Si on projette ces quatre valorisations sur un cadre hypermoderne, de promotion et d’autopromotion du sujet, individualiste et narcissique, chacune d’entre elles peut servir l’hyperpersonnalisation de l’usage des interfaces numériques. Hyperpersonnalisation du réseau, hyperpersonnalisation de l’usage, hyperpersonnalisation des commentaires, hyperpersonnalisation de l’usage dans sa configuration.
La convivialité, qui par définition nous place au contact de l’autre dans la relation aux autres, peut travailler aussi à la promotion de soi. Donc, logique individualiste et logique communautaire ne sont pas antinomiques, mais dans une relation de présupposition réciproque. C’est parce que c’est convivial que je peux m’exprimer et c’est parce que je peux m’exprimer que je peux élargir le champ d’expression de la convivialité avec l’objet et les communautés humaines.
4.2. La forme de vie conviviale
« Il y a forme de vie dès que la praxis énonciative apparaît comme intentionnelle, schématisable et esthétique, c’est-à-dire soucieuse d’un plan de l’expression qui lui soit propre ». Et les auteurs de prolonger : « c’est en effet le rôle de la praxis énonciative, par typification et schématisation, que de produire ces formes sensibles immédiatement reconnaissables, les « praxèmes », mais aussi d’assurer la cohérence d’un ensemble de « praxèmes » dans une culture historiquement et idéologiquement déterminée » (Fontanille, Zilberberg, 1998, 158).
Sans tomber dans l’explication de texte, il est utile de rabattre chacun des termes de cette définition sur le contexte de la gare communicante, pour en illustrer la pertinence à l’égard de la convivialité et de son espace figuratif. En effet, la forme de vie conviviale est bien intentionnelle dans la mesure où elle émerge de la stratégie de communication de l’organisation, comme vecteur de son identité et de son image. Elle est schématisable car l’organisation décline l’offre conviviale à travers des formes simplifiées et reconnaissables (espaces dédiés, services identifiables, ethos culturel avec ses codes et ses objets). Cette forme de vie est également esthétique dans la mesure où elle produit un espace de communication et d’échanges producteur de relations, de formes expressives, de manipulations plus ou moins expertes. Ainsi se crée un univers sensible autour de la convivialité et de sa modalité d’usage servie par les écrans numériques.
Ces domaines de valorisation ouvrent des perspectives symboliques qui donnent accès à des dimensions idéales, qui ouvrent vers une forme de vie SNCF et, au-delà, vers une forme de vie conviviale que l’on peut associer à des imaginaires de marque au sens large.

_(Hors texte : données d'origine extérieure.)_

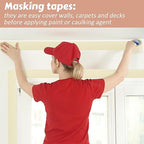 Masking Tape Bulk General Purpose Masking Painting Tape 55 Yards for Painting Home Office School Stationery Arts Crafts Basic Use, Easy Removal(4 Rolls,4 Inch)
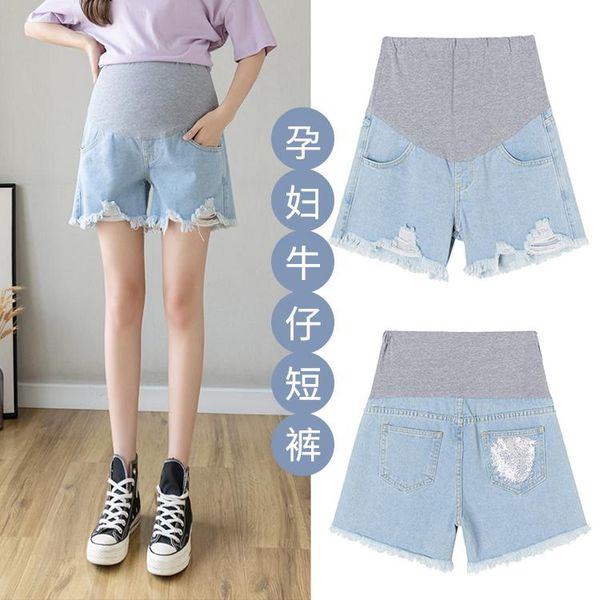 

maternity bottoms 6831# jeans shorts summer cropped denim pants belly support abdomen elastic waist trousers, White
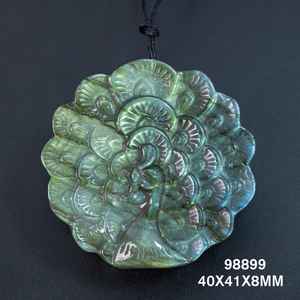 Colgante Vintage de Plata de Ley Chapado en Oro, Colgante de Labradorita, Diseño de Pavo Real, Piedras Preciosas Naturales, Compromiso, Joyería Llamativa - Product Image 3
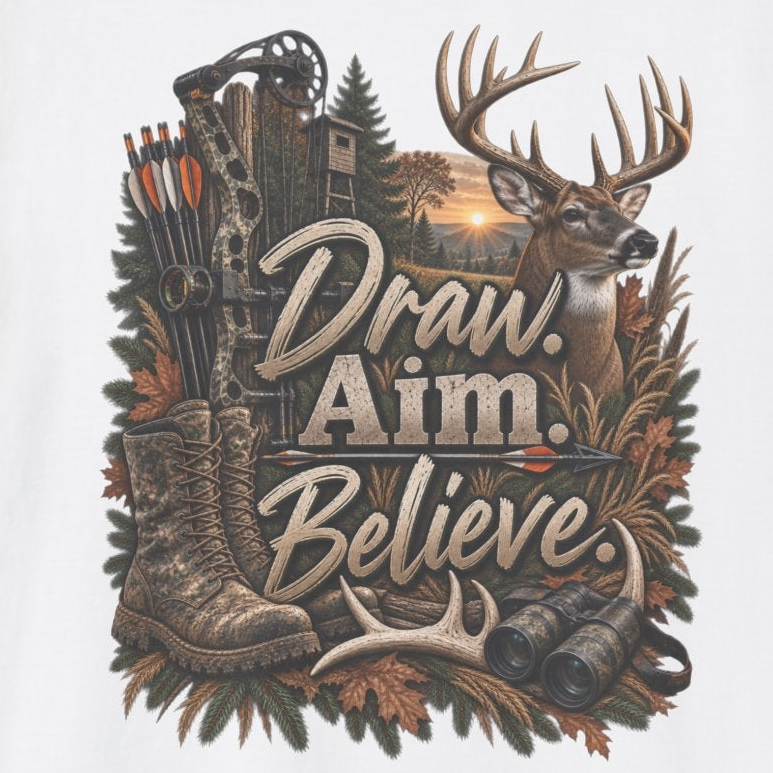 Rack & Ridge | Draw. Aim. Believe. T-Shirt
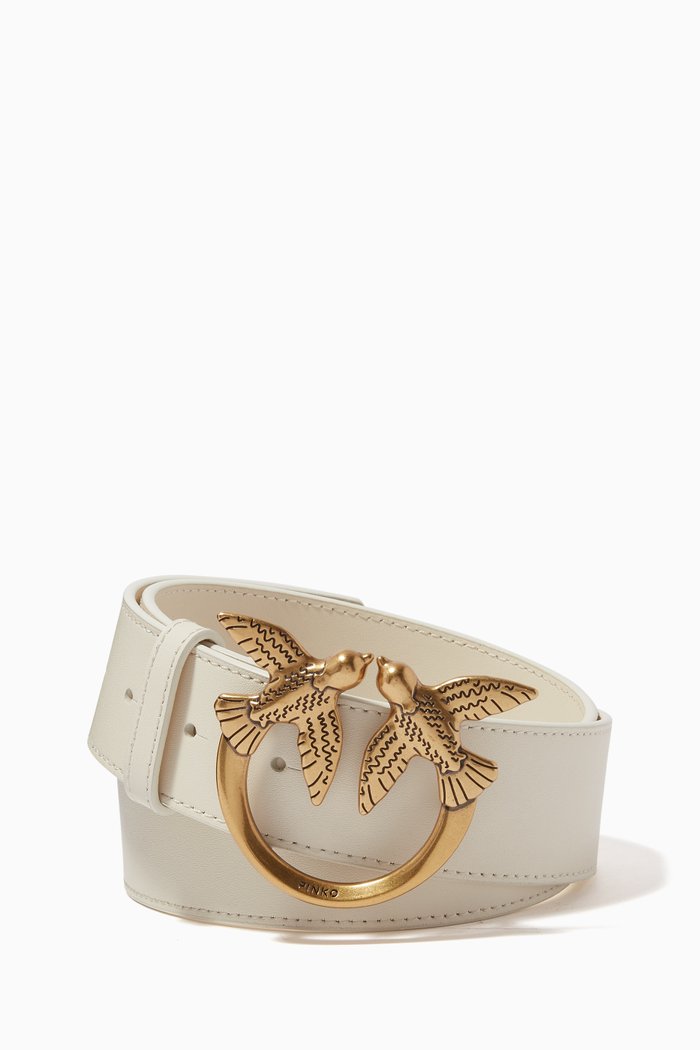 

Love Birds Belt in Leather, White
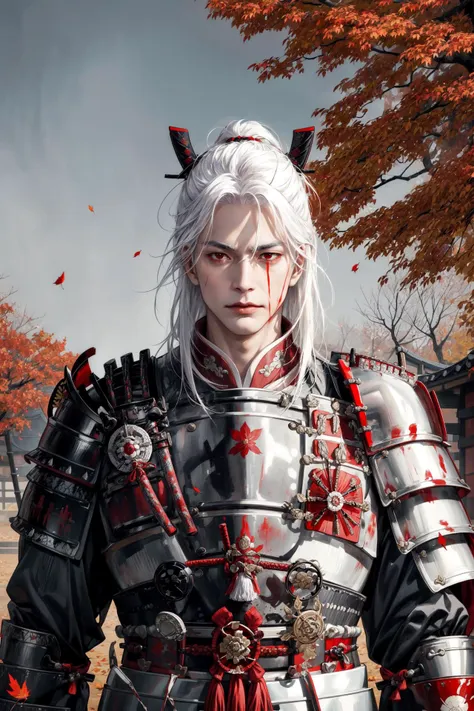 masterpiece,1male, male focus, long loose white hair,rope belt,blood on face, red eyes,cool face,(traditional samurai armor:1.3),guy standing on battle field,bloom,armor reflection,leaf falling background,handsome face,flowing hair, autumn, red trees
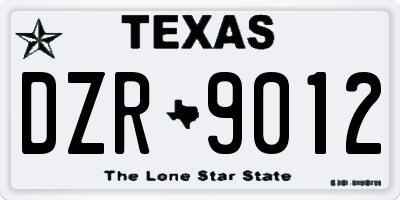 TX license plate DZR9012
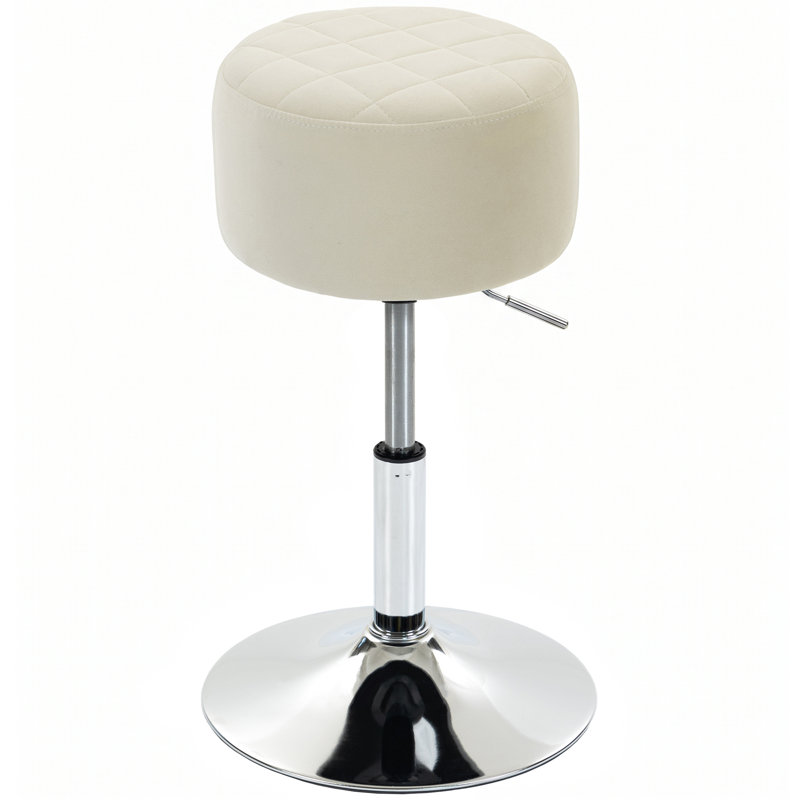 Swivel Upholstered Bar Stool, Black/Chrome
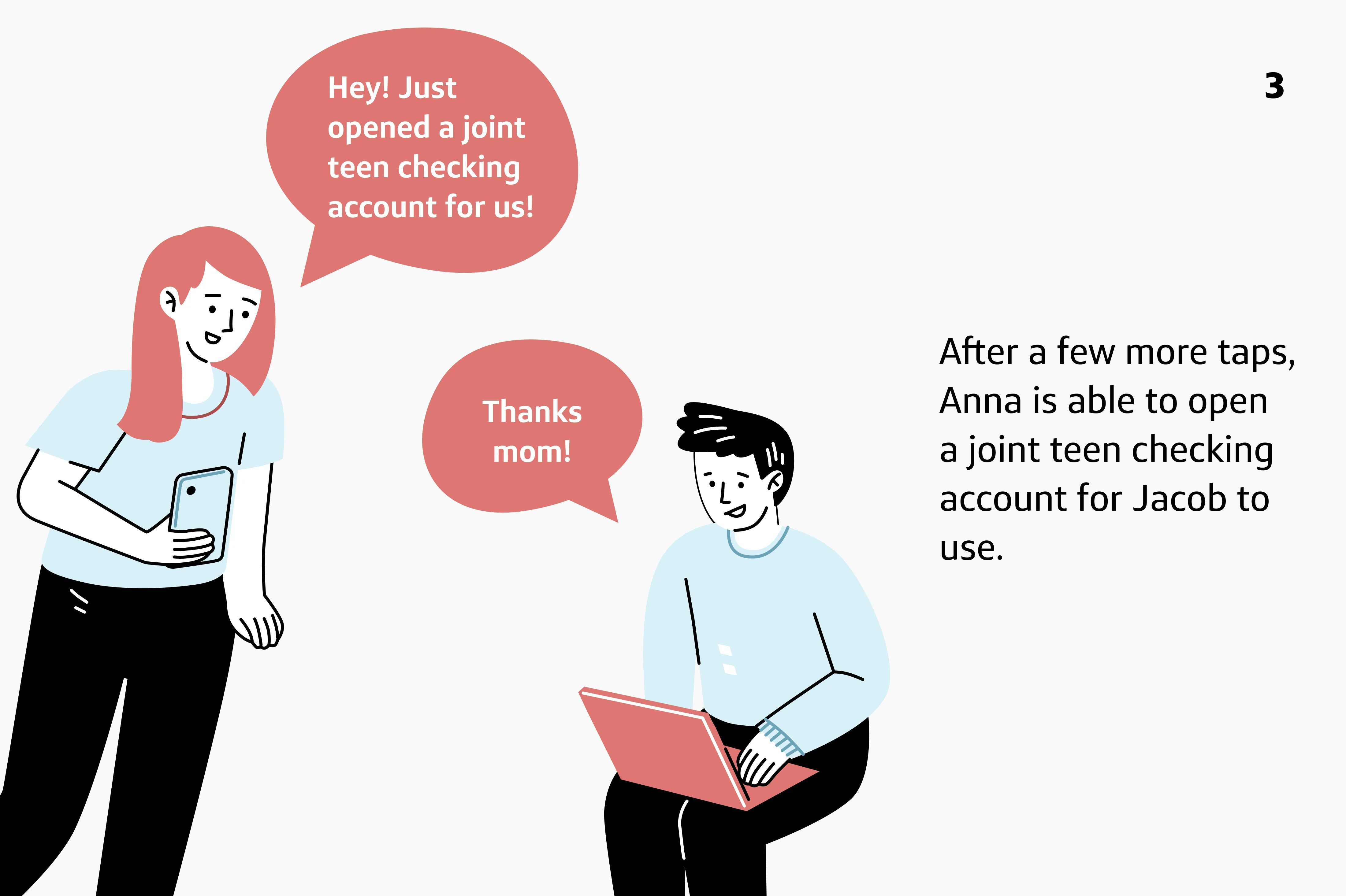 Panel 4: 'After a few more taps, Anna is able to open a joint teen checking account for Jacob to use.'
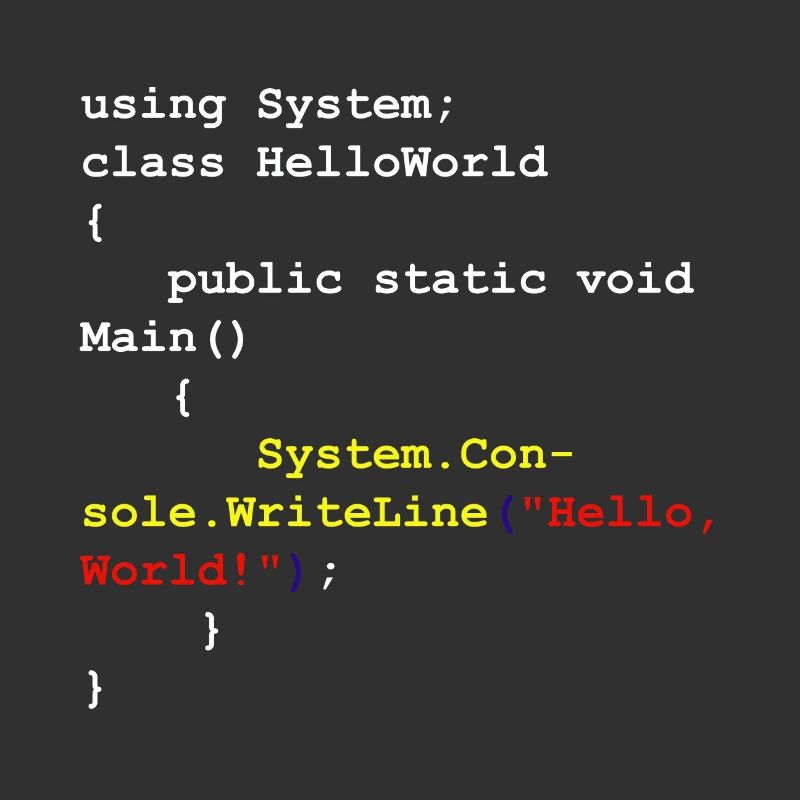 Hello World C# Sharp Entwickler Programm Geschenk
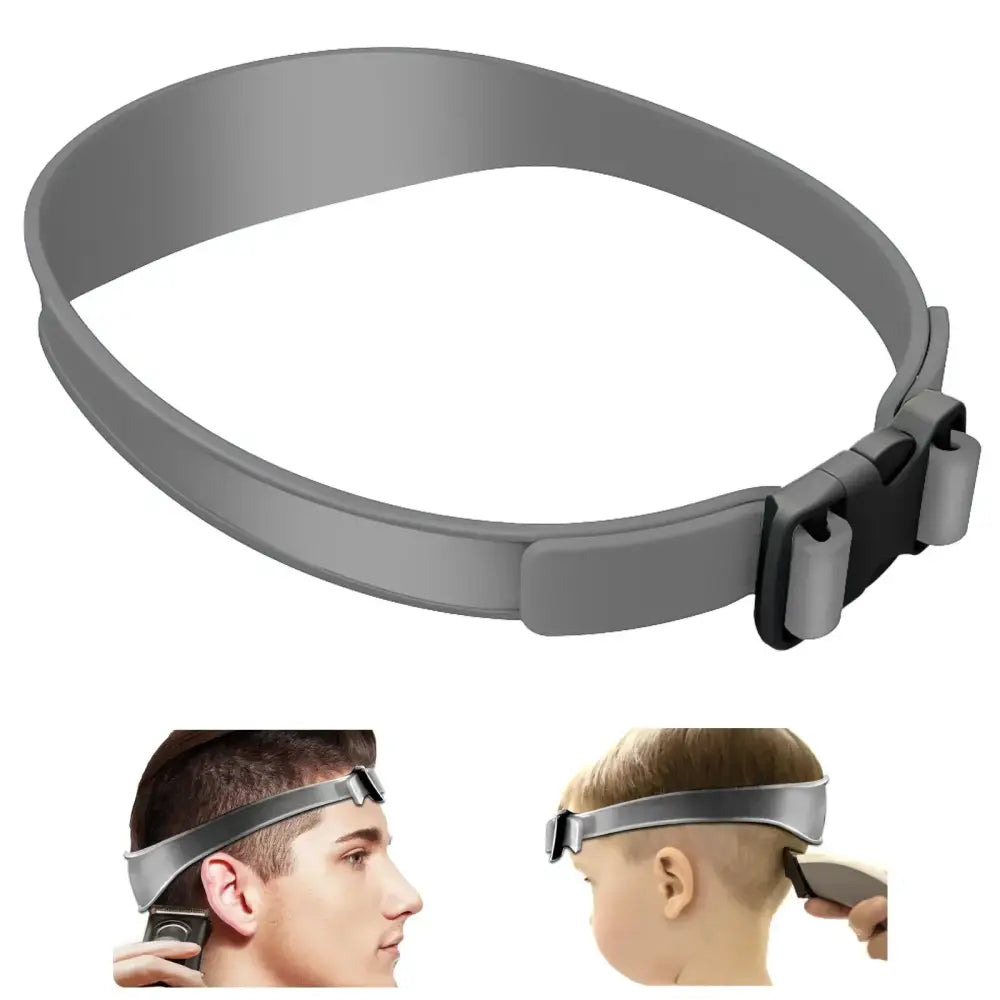 Gray adjustable headband with a plastic buckle closure.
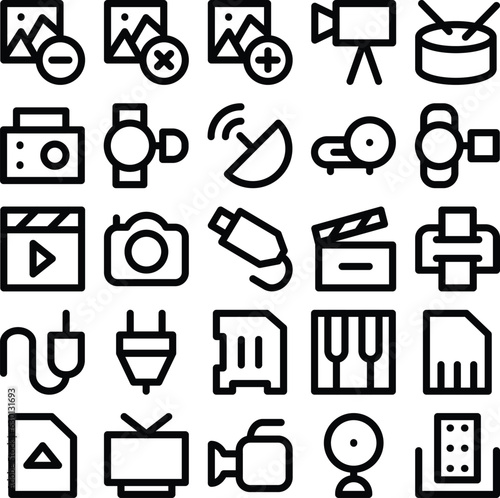 Pack of Multimedia and Equipment Line Icons 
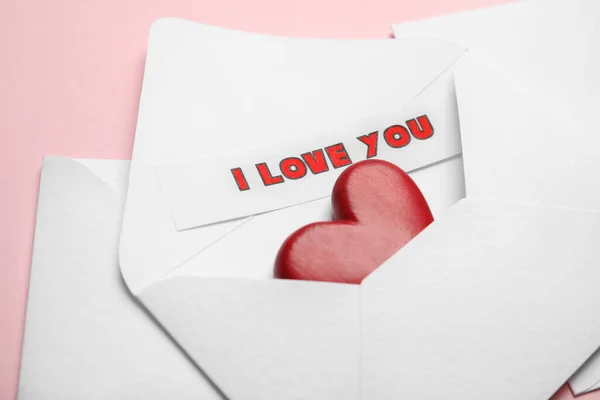 Foglio Carta Con Frase Love You Cuore Decorativo Busta Sfondo — Foto Stock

En suivant Jacques Fontanille (2007), on peut intégrer l’objet lui-même, les gestes, les moments et les situations de vie sociale qui mettent en place les usages (professionnels, ludiques, fonctionnels, publics, etc.) et au-delà de tout cela, la forme de vie qui se dessine et qui les subsume.
5. Conclusion
Le sémioticien n’est jamais naïf sur les tensions entre monde réel, monde possible et monde idéal, cette hérésie de la communication (RSI : Réel – Symbolique – Imaginaire) qui prône le meilleur face à des réalités trop tangibles ou grinçantes, face aux aléas du quotidien. En conscience de ces écarts, toujours productifs en termes de sens, on ne peut s’étonner du choix de la gare comme espace convivial. Un choix en apparence paradoxal, tant la SNCF cumule, au fil de l’année, les situations de désagrément, vécues comme telles par les usagers (grèves, retards, pannes, absence d’information, etc.), de sorte que la gare finit par concentrer toutes les tensions anxiogènes ou belliqueuses. Raison de plus, donc, pour renverser la tendance, inverser le signal, pour donner à la gare une tout autre image et, plus encore, une tout autre réalité. Il est significatif que dans le travail de restauration de l’espace convivial, avec la gare communicante, les usages numériques et, au-delà, l’imaginaire numérique, jouent un rôle pratique (pour l’usager) et stratégique (pour l’institution) de premier plan. On a pu mesurer, en suivant l’extension du domaine de la convivialité, combien ce rôle prenait de l’épaisseur au sein de la gare, en conférant aux interfaces numériques non seulement le statut de dispositifs et d’outils performatifs, mais, à un autre degré, la stature d’une forme de vie qui se construit en confiance avec le contrat de communication proposé par cette gare, nouvelle génération. Il reviendra aux enquêtes sociologiques d’analyser les écarts inévitables, entre le voulu et le perçu, entre monde possible et monde réel, mais gageons que la voie est tracée pour réconcilier, sous la forme de vie conviviale, la performance de la technologie et le performatif de l’humain.